## Records shown
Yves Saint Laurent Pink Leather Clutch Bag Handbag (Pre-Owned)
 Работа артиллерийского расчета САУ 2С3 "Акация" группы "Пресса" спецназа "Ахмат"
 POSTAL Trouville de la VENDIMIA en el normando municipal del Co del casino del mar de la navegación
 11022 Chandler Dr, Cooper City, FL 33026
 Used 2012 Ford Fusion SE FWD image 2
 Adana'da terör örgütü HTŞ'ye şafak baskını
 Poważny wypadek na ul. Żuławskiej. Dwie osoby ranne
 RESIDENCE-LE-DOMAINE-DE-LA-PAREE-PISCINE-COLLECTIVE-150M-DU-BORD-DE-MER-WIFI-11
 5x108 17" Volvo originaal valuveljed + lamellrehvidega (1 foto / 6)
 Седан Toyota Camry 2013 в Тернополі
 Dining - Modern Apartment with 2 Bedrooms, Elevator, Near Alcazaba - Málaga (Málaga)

## Instructions to follow
From the line containing "11022 Chandler Dr, Cooper City, FL 33026" to the final line of the data, repeat each line exactly. Include both ends.

## Task result
 11022 Chandler Dr, Cooper City, FL 33026
 Used 2012 Ford Fusion SE FWD image 2
 Adana'da terör örgütü HTŞ'ye şafak baskını
 Poważny wypadek na ul. Żuławskiej. Dwie osoby ranne
 RESIDENCE-LE-DOMAINE-DE-LA-PAREE-PISCINE-COLLECTIVE-150M-DU-BORD-DE-MER-WIFI-11
 5x108 17" Volvo originaal valuveljed + lamellrehvidega (1 foto / 6)
 Седан Toyota Camry 2013 в Тернополі
 Dining - Modern Apartment with 2 Bedrooms, Elevator, Near Alcazaba - Málaga (Málaga)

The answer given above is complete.